1905. AU MINISTRE D'ÉTAT COMTE DE PODEWILS A BERLIN.

[Camp de Divetz], 8 juillet 1745.

Après avoir fait inutilement toutes les tentatives avant et après la bataille de Friedberg, pour parvenir à la paix, je n'ai rien à rien reprocher, et il ne me reste qu'à plier mes desseins aux conjonctures.

Je trouve donc à propos que vous fassiez incessamment expédier le rappel pour Andrié, et celui-ci doit écrire à ses amis à Londres, pour les indisposer contre la cour, que les mauvaises manières du roi d'Angleterre pour Andrié m'avaient forcé à cette démarche. Vous choisirez un homme sage et adroit, pour succéder à Andrié en qualité de secrétaire de légation, qui pourrait, en cas que l'Angleterre devînt flexible, nous rendre les mêmes services qu'Andrié. Vous jugez, l'on ne peut pas mieux, des ressorts cachés qui animent nos ennemis, et je suis persuadé que mon cher oncle est le boute-feu de cet infâme triumvirat qui respire notre ruine. Il faut donc primo presser l'article des subsides aussi vivement que le permet la bienséance, et nous mettre par cette ressource en état de soutenir la gageure.

Je sens toute la vérité de ce que vous dites au sujet de la conduite du prince de Conty, j'ai dit sur cela à Valory tout ce que l'on peut dire, je lui ai fait sentir qu'il n'y a sur ce sujet que deux partis pour la France, ou de s'arranger avec le Grand-Duc et de lui faire payer chèrement son élection, ou bien de s'y opposer si efficacement que l'on ait une sûreté morale de l'empêcher. Car le pire de tout ce qui pourrait arriver à la France et ses alliés, ce serait une élection faite malgré eux, et en forçant les troupes qui devaient l'empêcher, à se retirer des limites de l'Empire. Je n'ai sur ce sujet que des représentations à faire, et sur l'événement j'ai la conscience libre, ainsi j'attends tranquillement ce qui en arrivera.

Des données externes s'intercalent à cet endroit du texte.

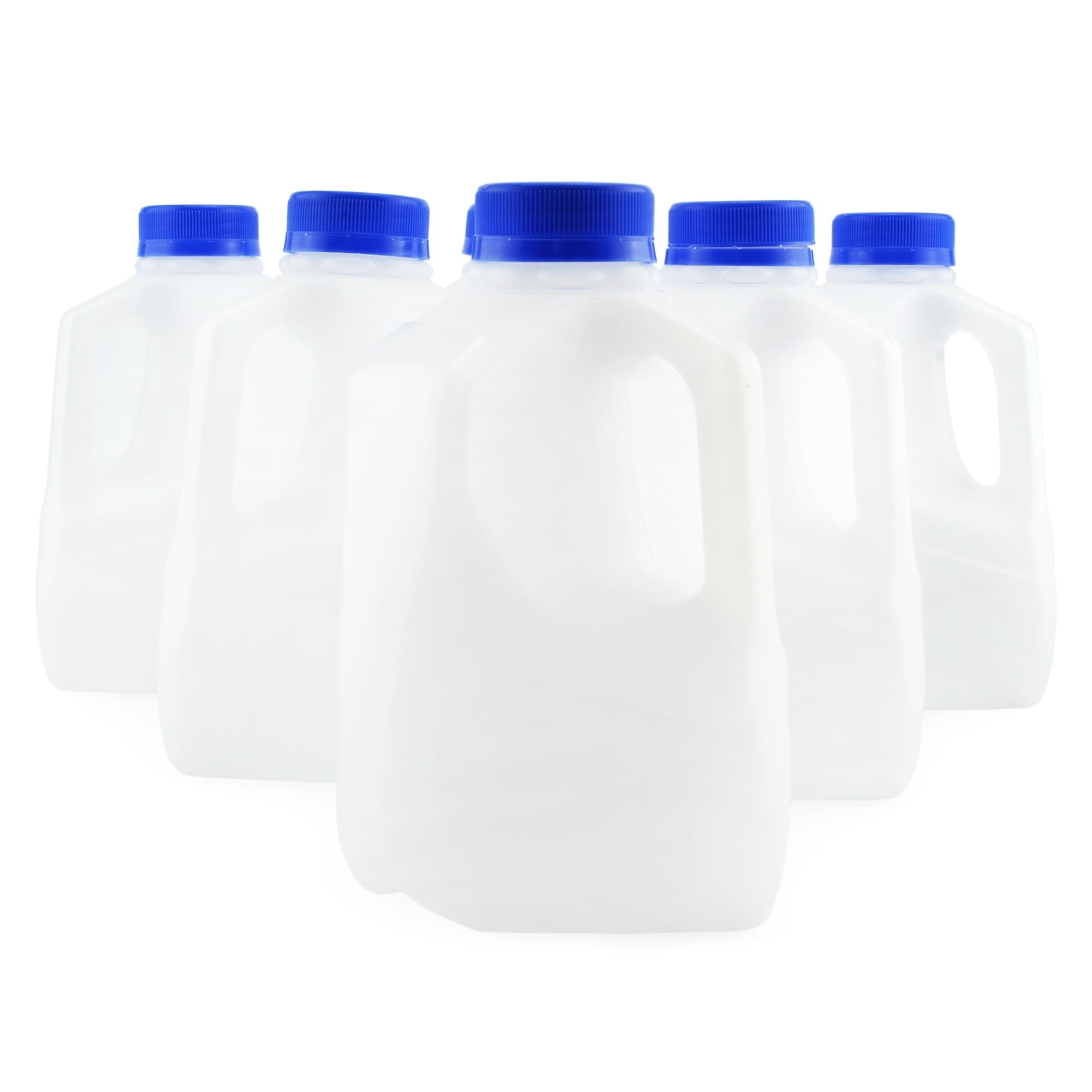 Cornucopia 32Oz Plastic Jugs (6-Pack); 1-Quart / 32-Ounce Bottles With Caps For Juice, Water, Sports And Protein Drinks And Milk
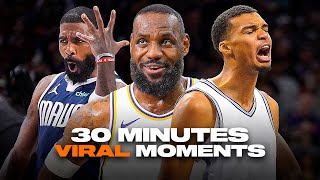 30 Minutes of the MOST VIRAL NBA Moments in 2024 Season 😱 [upl. by Nabal]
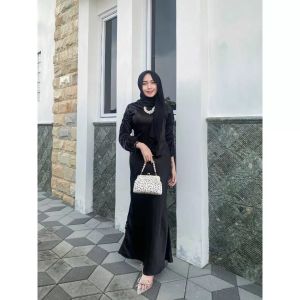 Clemira Dress silk satin Serut Tangan Dress kondangan Viral Dress Bridesmaids viral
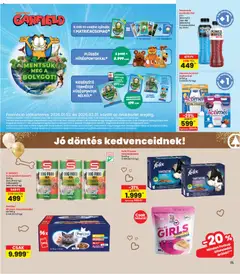 Interspar Akciós újság - amely érvényes a következő dátumtól: 22.01.2026 | Oldal: 15 | Termékek: Macskaeledel, Actimel, Protein, Izotóniás ital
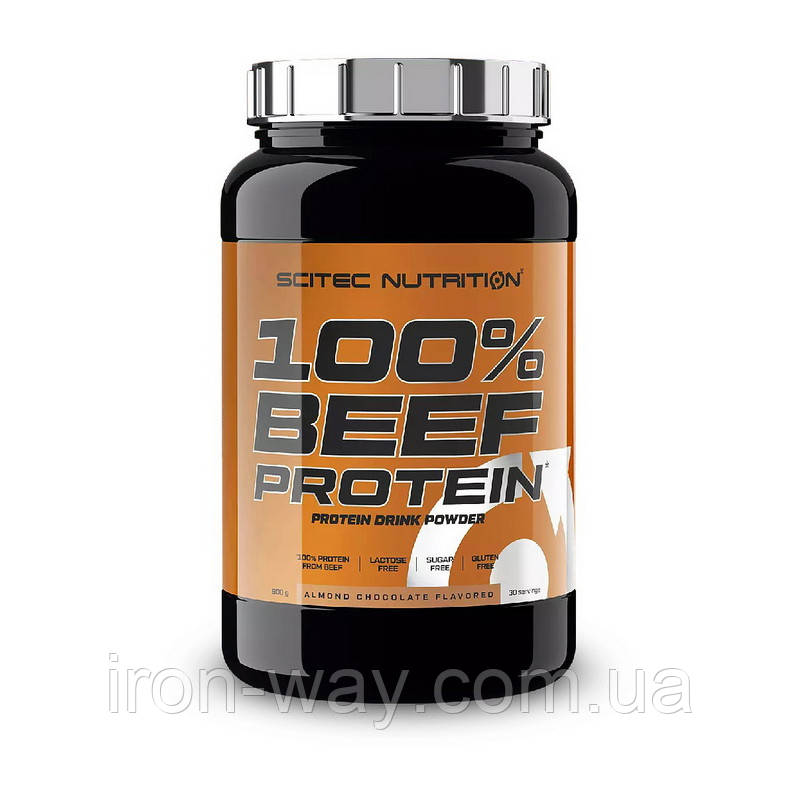 Scitec 100% Beef Protein (900 g, almond chocolate)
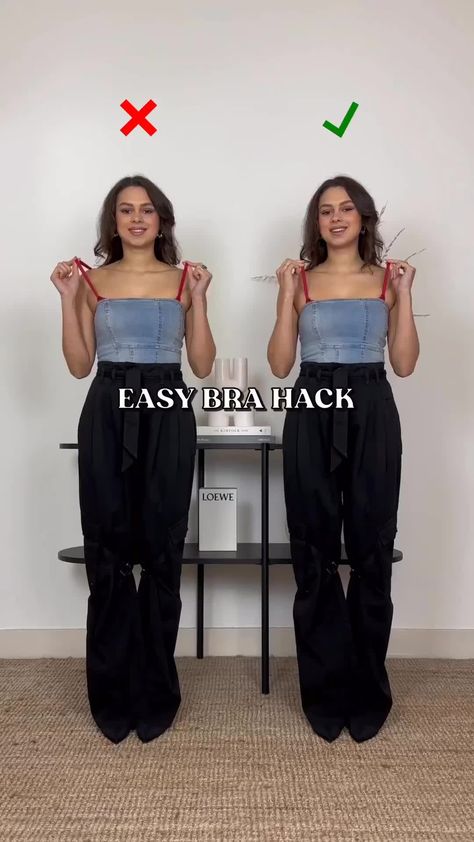 TikTok · viral3 Strapless Bra Hack, Diy Strapless Bra, Strapless Bra Hacks, Best Strapless Bra, Fashion Tips And Tricks, Best Bra, Post Pregnancy Fashion, Diy Clothes Hacks, Packing Hacks Clothes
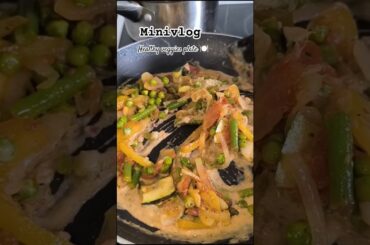 Healthy & Protein rich Creamy veggies platter|Stirfry vegitable recipe for weight loss#ytshorts#food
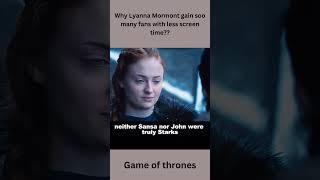 Lyanna Mormont fans youtubeshorts viralvideo shorts gameofthrones [upl. by Kobe]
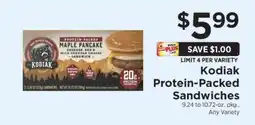 ShopRite Kodiak Protein-Packed Sandwiches offer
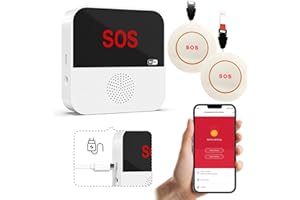 VOCA Smart WiFi Wireless Emergency SOS Button, Call Button, Panic Button, Emergency Alarm for Elderly, Seniors, Patients, and Disabled | 2.4G WiFi (SP103)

Je puis, à présent que les négociations entamées à Londres sont entièrement rompues, promettre ma voix, conjointement avec les secours des Français, aux Saxons; j'en parlerai à Valory; l'article du roi Stanislas208-1 est plus scabreux, et je ne sais pas comment on pourra l'ajuster. Voilà cependant un dessein sur lequel je ne compte pas beaucoup. Les Saxons se sont trop liés les mains; Brühl est si fort vendu qu'il n'a pas l'articulation libre; le Roi trop bigot: en un mot, je ne vois dans tout ce projet aucune apparence de réussite; mais comme la politique demande que l'on tâte cette entreprise, je m'y prête, et il faut, comme je vous l'ai marqué par ma dépêche précédente, que cette négociation passe par le canal de Vaulgrenant, et je m'en rapporte à tout ce que je vous ai marqué alors. Je ne crains point les négociations des Autrichiens en France; le Roi est trop ferme pour m'abandonner, et nos intérêts sont trop étroitement liés pour qu'on puisse les séparer.<209> J'ai cependant averti Chambrier de tout, et de la façon dont il doit s'expliquer sur ce sujet.

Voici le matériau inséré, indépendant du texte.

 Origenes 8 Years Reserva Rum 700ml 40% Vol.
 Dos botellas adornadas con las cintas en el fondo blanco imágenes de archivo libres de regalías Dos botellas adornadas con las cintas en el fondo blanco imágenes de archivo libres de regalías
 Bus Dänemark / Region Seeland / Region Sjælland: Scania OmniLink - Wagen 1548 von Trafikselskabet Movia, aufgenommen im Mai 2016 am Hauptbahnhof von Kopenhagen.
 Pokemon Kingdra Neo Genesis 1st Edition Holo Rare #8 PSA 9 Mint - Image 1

J'espère que vous serez à présent convaincu que, si je n'avais pas commencé la guerre l'année passée, mes ennemis seraient venus fondre sur moi, et vous reconnaîtrez que ce que je vous ai toujours dit, n'est pas sans fondement, à savoir que les Anglais avaient dessein de nous tromper et qu'ils n'attendaient que le moment favorable pour me faire rendre par force ce que la reine de Hongrie a été obligé de me céder.

Nous gardons ici notre supériorité, soyez persuadé que les Autrichiens et les Saxons ne sont pas en état de se battre encore; si cela arrive, ce ne sera qu'à l'arrière - saison. Nous ferons notre devoir et courrons les hasards, puisque telle est notre destinée.

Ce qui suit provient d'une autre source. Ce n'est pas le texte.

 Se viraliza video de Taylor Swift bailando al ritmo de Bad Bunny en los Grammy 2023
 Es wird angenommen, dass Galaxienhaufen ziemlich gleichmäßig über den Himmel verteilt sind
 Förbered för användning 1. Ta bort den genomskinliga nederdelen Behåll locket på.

Pour vous marquer le contentement que j'ai de vos services, j'ai augmenté votre pension; continuez toujours de même, et je ferai dans les occasions pour vous ce que je pourrai selon mes petites facultés. Adieu.

Federic.

P. S.

J'ai oublié de vous dire que, comme toutes les portes pour un accommodement nous sont fermées, il convient de faire à nos ennemis tout le mal possible; il faut s'opposer hautement à la voix de Bohême et leur rompre en visière dans toutes les affaires de l'Empire ouvertement. Répondez à Asseburg209-1 que nous tiendrions ferme, et que, si notre patrie devait recevoir l'esclavage, ce ne serait qu'après que ses nouveaux tyrans nous auraient ensevelis sous ses ruines; il faudra relever toutes les violences de la reine de Hongrie dans l'Empire et en faire le plus de bruit qu'il se pourra.

Cataneo m'écrit que le roi de Sardaigne a embrassé la neutralité, je voudrais bien que cette nouvelle se confirmât.

Fr.

Nach dem eigenhändigen Concept.



208-1 An dessen Rückkehr auf den polnischen Thron man in Frankreich dachte.

209-1 Der hessische Minister, mit dem Podewils in regelmässigem Briefwechsel stand.